William C. Gruber is an American physician-scientist, pediatrician, and business executive. He is the senior vice president of Pfizer vaccine clinical research and development.

Life 
Gruber completed a bachelor's degree in mathematical sciences at Rice University. He earned a M.D. at Baylor College of Medicine where he completed a residency in pediatric and infectious disease. His college roommate was immunologist Barney S. Graham.
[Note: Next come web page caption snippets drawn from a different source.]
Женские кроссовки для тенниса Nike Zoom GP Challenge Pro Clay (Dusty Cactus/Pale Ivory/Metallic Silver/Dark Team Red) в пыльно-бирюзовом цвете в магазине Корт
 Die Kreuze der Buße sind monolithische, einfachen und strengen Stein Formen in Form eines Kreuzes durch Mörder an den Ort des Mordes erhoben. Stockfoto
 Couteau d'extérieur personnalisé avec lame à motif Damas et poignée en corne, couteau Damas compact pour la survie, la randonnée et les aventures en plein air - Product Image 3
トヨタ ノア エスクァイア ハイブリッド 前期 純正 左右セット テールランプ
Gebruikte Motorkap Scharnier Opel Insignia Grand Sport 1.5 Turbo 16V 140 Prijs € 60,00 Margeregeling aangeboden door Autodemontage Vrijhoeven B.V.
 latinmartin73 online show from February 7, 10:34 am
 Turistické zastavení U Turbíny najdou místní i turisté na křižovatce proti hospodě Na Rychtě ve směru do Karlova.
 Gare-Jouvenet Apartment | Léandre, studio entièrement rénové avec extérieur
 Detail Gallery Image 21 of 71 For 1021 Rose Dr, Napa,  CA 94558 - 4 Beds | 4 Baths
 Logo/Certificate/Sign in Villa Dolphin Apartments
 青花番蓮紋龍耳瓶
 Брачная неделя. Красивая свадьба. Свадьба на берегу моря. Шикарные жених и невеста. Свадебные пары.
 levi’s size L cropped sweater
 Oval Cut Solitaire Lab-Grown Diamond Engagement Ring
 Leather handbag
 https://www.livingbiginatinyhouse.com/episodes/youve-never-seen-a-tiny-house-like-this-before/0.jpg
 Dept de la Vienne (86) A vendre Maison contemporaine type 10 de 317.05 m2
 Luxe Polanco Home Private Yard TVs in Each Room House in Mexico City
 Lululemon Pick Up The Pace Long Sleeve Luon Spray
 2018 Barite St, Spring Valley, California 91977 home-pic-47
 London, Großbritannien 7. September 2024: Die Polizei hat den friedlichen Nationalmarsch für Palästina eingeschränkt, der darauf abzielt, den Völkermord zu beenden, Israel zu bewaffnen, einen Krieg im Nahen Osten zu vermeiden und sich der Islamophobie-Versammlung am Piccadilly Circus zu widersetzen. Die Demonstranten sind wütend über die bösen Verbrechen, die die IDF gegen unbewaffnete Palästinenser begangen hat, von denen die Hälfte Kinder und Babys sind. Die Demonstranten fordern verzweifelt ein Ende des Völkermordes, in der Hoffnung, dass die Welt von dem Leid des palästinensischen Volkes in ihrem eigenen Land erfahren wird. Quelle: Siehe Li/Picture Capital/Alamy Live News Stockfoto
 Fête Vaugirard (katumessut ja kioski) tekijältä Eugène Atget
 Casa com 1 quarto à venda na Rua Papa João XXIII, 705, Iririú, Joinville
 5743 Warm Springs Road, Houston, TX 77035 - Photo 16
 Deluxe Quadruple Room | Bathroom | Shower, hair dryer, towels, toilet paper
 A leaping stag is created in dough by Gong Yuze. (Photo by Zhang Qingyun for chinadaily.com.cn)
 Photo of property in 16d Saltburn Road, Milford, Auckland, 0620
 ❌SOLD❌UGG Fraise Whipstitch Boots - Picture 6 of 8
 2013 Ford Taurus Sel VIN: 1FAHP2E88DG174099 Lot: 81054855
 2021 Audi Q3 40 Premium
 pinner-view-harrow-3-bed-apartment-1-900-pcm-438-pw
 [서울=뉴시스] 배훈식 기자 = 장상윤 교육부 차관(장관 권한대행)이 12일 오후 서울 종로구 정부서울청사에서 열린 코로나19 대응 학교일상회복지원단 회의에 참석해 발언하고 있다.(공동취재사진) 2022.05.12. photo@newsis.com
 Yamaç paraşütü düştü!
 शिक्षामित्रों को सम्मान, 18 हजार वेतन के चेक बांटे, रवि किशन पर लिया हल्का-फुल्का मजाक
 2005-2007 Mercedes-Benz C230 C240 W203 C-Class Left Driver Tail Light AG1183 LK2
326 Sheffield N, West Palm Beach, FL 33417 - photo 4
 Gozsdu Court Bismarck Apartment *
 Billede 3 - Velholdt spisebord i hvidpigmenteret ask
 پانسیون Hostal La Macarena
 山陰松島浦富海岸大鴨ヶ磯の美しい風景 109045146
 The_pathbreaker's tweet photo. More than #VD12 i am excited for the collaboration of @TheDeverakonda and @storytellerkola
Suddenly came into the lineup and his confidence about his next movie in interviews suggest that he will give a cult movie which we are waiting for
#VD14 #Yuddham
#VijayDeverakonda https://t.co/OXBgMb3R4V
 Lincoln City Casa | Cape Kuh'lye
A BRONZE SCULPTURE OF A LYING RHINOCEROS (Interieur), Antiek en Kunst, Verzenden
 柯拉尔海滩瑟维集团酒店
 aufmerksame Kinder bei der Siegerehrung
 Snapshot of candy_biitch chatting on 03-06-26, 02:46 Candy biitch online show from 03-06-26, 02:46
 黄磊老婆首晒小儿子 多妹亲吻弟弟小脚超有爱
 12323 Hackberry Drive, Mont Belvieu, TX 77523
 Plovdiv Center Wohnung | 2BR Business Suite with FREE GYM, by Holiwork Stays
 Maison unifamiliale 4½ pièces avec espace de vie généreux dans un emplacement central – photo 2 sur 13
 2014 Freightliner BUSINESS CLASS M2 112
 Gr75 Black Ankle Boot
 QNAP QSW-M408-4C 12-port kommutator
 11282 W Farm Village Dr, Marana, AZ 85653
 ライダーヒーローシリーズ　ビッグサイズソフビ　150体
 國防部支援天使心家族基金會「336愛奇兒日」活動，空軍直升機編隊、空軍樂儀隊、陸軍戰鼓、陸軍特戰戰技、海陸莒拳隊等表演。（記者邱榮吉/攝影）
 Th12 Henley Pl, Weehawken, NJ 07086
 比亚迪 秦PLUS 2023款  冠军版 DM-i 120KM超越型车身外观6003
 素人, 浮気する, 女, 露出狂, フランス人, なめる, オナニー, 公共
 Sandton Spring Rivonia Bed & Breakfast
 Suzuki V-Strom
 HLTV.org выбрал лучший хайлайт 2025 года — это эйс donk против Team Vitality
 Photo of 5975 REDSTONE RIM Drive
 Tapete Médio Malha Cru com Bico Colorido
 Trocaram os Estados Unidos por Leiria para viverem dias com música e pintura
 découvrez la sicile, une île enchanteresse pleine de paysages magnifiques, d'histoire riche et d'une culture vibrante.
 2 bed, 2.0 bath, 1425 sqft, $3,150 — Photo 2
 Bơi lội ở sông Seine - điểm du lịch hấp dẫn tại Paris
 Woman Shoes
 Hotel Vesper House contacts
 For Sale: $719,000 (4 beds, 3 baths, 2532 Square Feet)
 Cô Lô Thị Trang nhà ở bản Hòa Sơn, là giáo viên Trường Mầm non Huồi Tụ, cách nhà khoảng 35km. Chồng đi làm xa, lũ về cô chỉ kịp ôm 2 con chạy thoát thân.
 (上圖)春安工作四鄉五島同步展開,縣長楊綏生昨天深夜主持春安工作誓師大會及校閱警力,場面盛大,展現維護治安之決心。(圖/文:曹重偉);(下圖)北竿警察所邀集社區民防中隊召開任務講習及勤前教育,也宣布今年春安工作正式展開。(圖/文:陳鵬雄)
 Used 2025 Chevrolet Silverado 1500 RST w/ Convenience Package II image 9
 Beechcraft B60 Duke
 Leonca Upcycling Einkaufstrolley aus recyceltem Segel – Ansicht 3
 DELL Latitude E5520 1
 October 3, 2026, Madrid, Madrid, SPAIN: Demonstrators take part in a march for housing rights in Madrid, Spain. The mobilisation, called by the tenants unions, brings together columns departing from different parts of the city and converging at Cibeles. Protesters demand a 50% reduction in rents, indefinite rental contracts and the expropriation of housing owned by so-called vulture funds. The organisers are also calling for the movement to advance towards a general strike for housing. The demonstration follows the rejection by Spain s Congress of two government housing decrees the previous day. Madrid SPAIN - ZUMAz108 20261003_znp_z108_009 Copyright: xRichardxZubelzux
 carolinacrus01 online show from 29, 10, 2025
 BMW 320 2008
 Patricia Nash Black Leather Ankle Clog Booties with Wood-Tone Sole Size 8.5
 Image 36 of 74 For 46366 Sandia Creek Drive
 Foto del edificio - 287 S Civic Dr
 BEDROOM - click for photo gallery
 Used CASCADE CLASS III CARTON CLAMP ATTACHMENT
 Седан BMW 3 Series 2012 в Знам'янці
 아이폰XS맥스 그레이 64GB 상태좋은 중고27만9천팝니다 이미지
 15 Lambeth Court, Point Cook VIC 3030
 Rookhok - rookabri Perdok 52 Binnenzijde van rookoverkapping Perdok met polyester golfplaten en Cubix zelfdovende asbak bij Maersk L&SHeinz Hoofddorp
Gruber was an associate professor of pediatrics at the Vanderbilt University School of Medicine. He served worked as the director of the diagnostic virology laboratory at Vanderbilt University Medical Center. Gruber joined Wyeth in 1999 as the vice president of clinical vaccine research. He is the senior vice president of Pfizer vaccine clinical research and development. He oversees the global clinical development of vaccines.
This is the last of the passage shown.